| Brief |
Starting from the line that holds "Pop Art Astronaut", output exactly each line through the end of the listing. Do not copy pictures.

| Data extract |
______

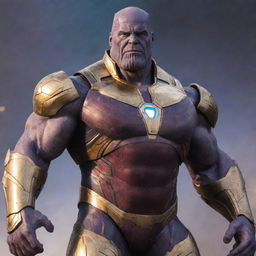 Thanos, the powerful supervillain from Marvel Universe, donning Iron Man's intricately designed high-tech armour suit.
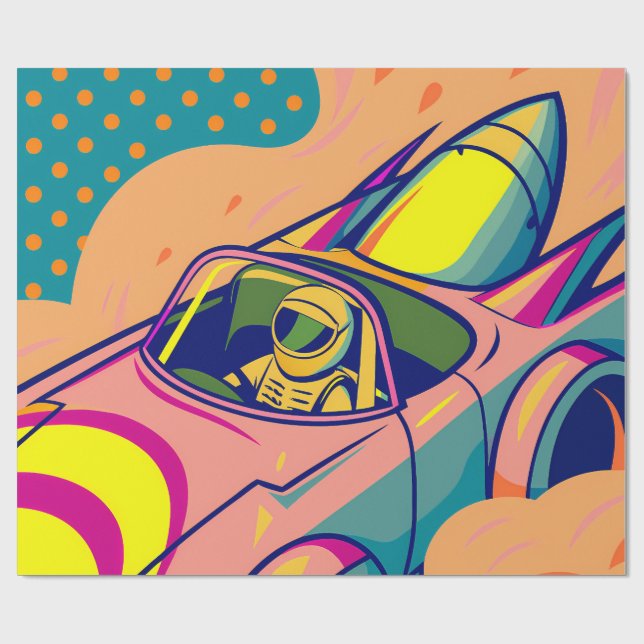 Pop Art Astronaut Driving Rocket Car Geschenkpapier (Flach)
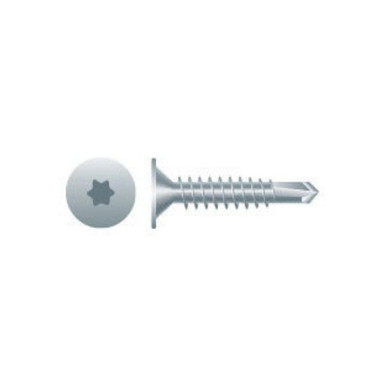 #10-16 x 1" Star Drive Wafer Head Self-Drilling Screw, #3 Zinc Plated (5000/Bulk Pkg)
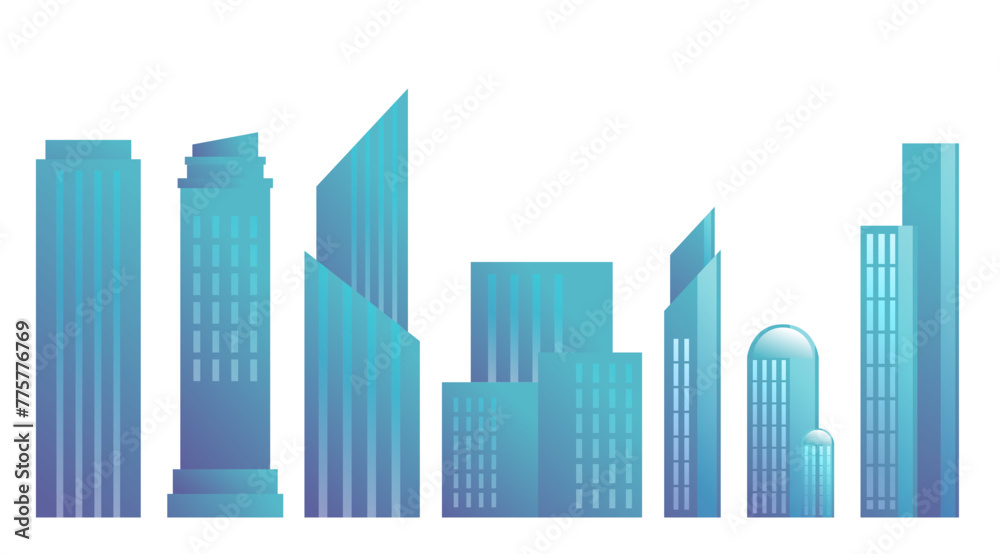 Blue Building Vector in Flat Design Elements ,Skyscraper, Condominium, Townwer Editable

______

| Reply |
 Pop Art Astronaut Driving Rocket Car Geschenkpapier (Flach)
 #10-16 x 1" Star Drive Wafer Head Self-Drilling Screw, #3 Zinc Plated (5000/Bulk Pkg)
 Blue Building Vector in Flat Design Elements ,Skyscraper, Condominium, Townwer Editable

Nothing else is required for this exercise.